══ Data to use ══

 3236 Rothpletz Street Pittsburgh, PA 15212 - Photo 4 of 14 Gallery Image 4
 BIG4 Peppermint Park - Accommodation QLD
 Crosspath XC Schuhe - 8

═══
══ Data to use ══

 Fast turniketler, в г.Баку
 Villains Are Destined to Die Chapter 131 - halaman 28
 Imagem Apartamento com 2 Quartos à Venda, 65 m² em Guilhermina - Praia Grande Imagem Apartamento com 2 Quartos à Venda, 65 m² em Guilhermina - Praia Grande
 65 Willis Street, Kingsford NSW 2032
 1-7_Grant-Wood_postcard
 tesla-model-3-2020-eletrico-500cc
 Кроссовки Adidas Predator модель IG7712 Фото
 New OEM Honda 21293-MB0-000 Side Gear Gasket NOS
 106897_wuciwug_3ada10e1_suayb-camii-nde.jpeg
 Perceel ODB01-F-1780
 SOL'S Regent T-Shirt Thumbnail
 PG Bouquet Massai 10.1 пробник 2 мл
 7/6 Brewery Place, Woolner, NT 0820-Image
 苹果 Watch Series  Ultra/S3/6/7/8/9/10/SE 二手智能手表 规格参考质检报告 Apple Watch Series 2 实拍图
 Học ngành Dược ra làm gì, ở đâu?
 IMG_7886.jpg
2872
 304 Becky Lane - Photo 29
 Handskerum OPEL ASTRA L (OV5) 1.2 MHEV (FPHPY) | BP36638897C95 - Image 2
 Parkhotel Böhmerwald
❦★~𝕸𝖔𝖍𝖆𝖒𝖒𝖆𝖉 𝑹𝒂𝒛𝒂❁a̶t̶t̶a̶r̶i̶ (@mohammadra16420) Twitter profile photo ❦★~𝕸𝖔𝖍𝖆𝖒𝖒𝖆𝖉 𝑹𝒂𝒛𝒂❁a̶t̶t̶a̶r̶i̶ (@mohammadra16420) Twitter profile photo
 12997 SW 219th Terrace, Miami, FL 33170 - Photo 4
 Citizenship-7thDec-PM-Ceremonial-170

═══
══ Data to use ══

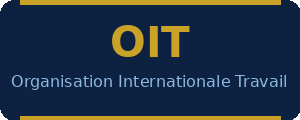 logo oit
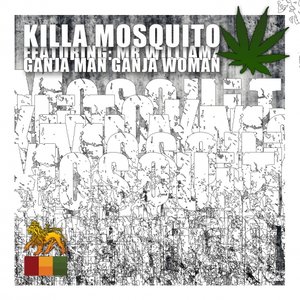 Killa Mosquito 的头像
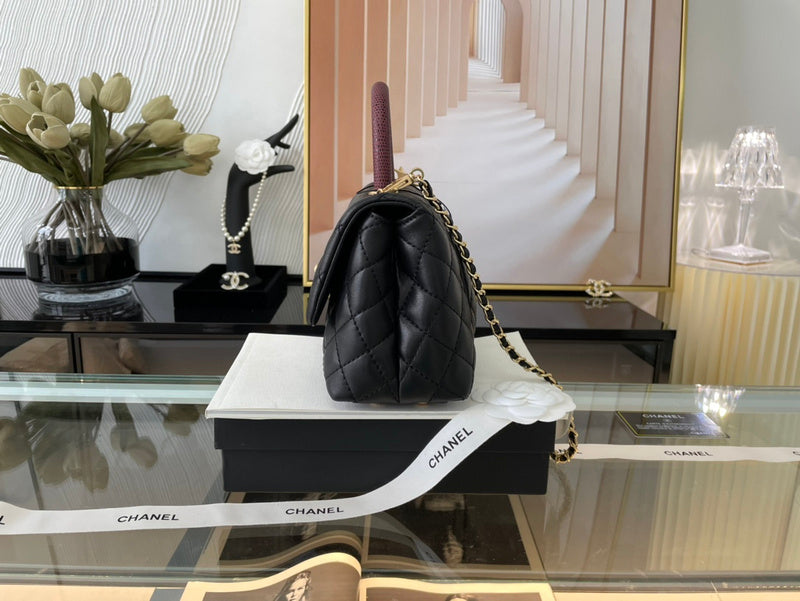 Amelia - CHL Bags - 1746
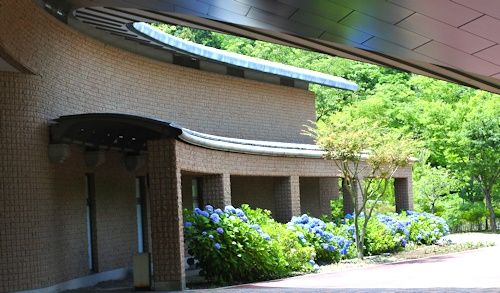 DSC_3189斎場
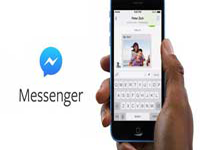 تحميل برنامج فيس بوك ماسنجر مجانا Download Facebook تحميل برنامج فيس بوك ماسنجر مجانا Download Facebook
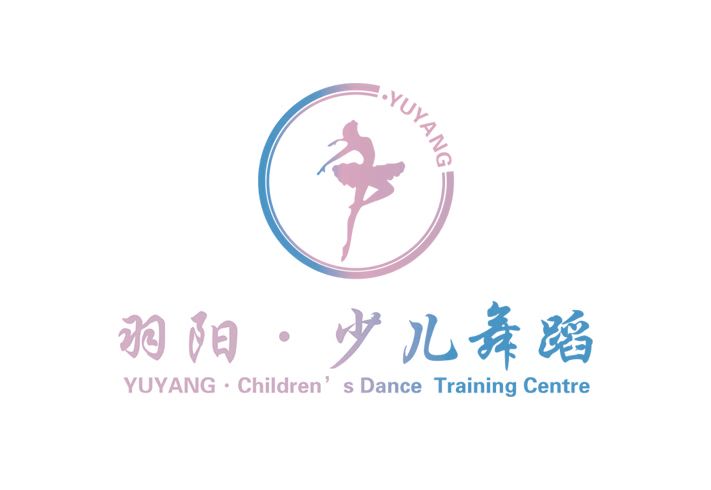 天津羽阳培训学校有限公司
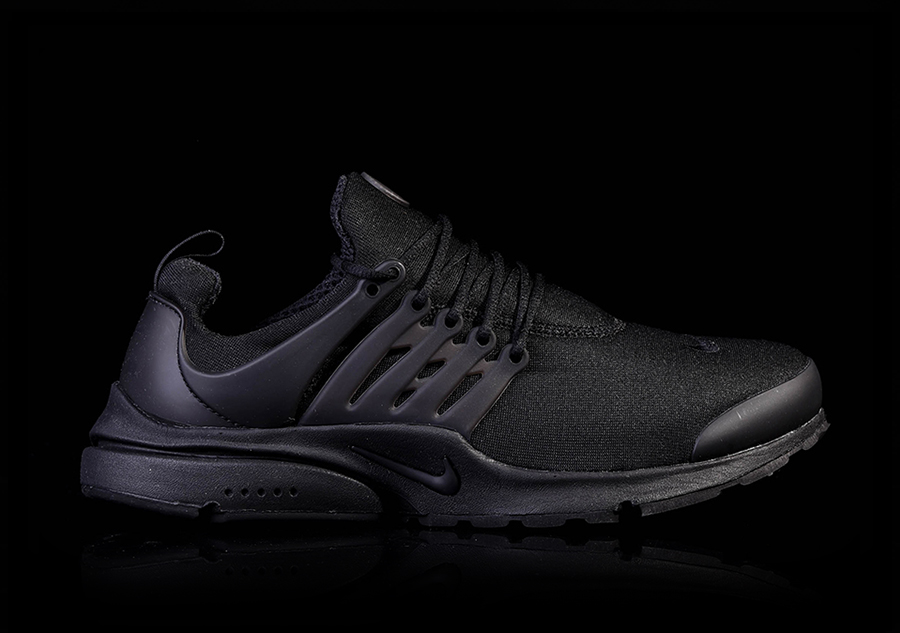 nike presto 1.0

═══

Directions for this task ▸ Looking above, find the stretch of lines that opens with the one holding "تحميل برنامج فيس بوك ماسنجر مجانا Download Facebook تحميل" and closes with the one holding "nike presto 1.0". Copy it exactly, pictures excluded.

Answer space ▸
 تحميل برنامج فيس بوك ماسنجر مجانا Download Facebook تحميل برنامج فيس بوك ماسنجر مجانا Download Facebook
 天津羽阳培训学校有限公司
 nike presto 1.0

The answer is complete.